**The task**
Leaving all pictures out, output exactly and only the line containing "50 Piece Lot" and the lines that follow it to the end of the material below.

**Task input**
.....
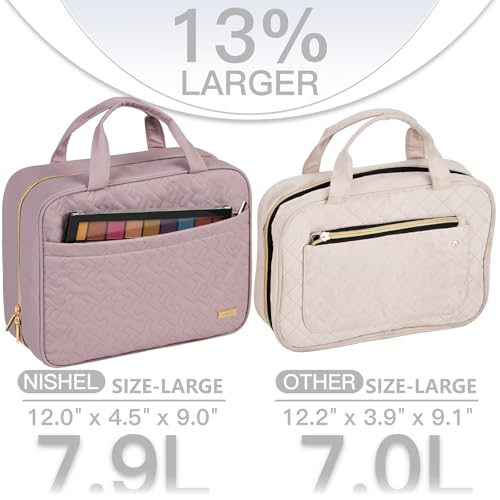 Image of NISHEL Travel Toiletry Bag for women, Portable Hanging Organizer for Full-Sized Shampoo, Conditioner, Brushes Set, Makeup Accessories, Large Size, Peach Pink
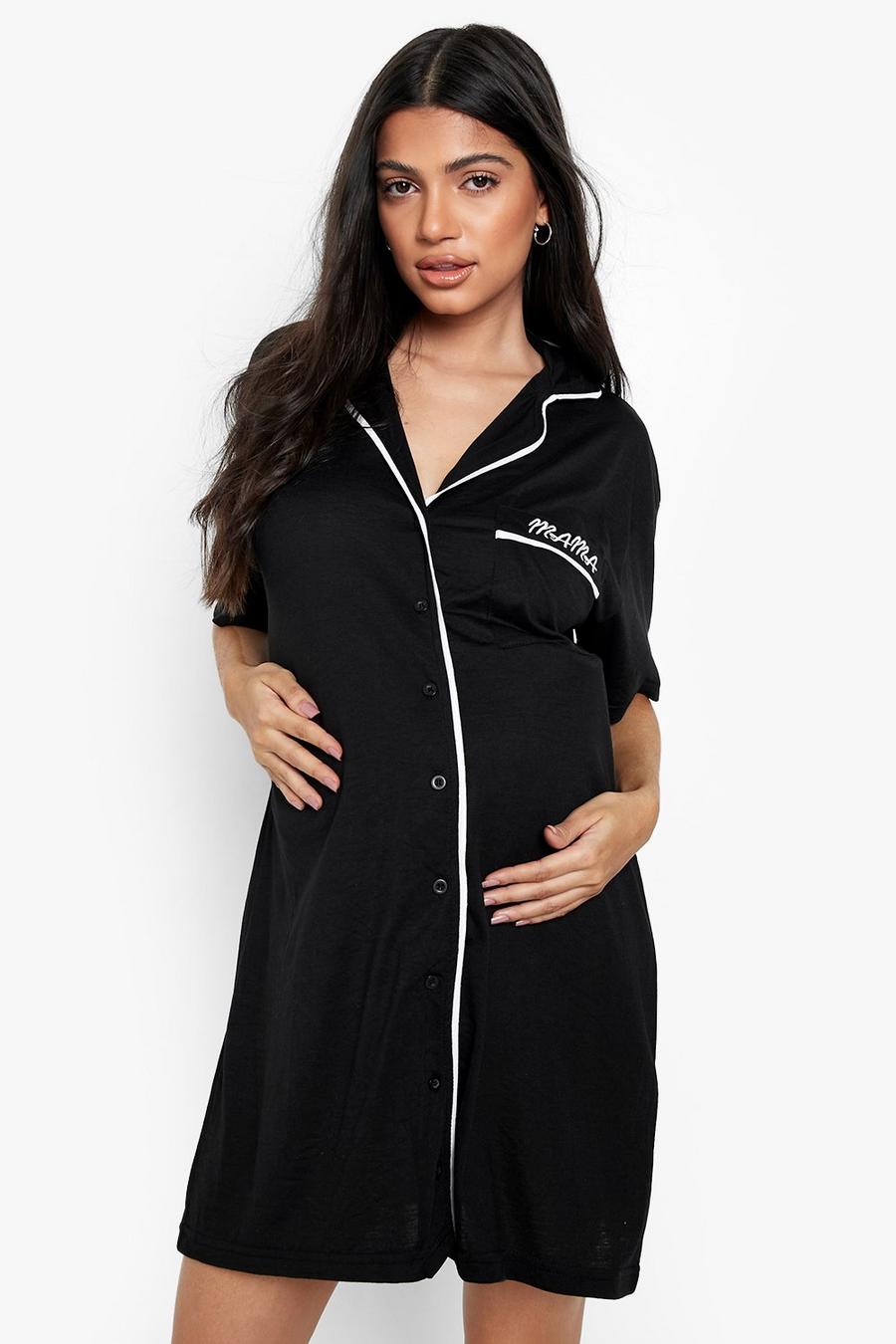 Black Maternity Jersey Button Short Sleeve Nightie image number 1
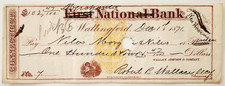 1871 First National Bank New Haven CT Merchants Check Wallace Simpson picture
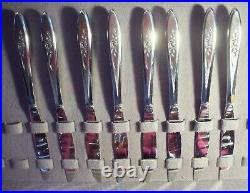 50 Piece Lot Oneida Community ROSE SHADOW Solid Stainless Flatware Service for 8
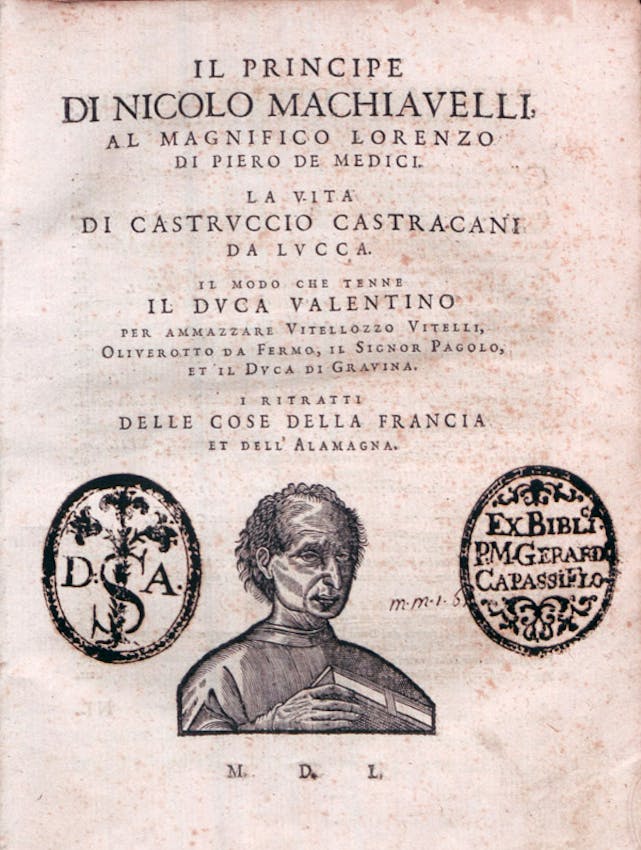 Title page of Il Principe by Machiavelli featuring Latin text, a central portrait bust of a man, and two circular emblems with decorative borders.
.....
**Written answer**
 50 Piece Lot Oneida Community ROSE SHADOW Solid Stainless Flatware Service for 8
 Title page of Il Principe by Machiavelli featuring Latin text, a central portrait bust of a man, and two circular emblems with decorative borders.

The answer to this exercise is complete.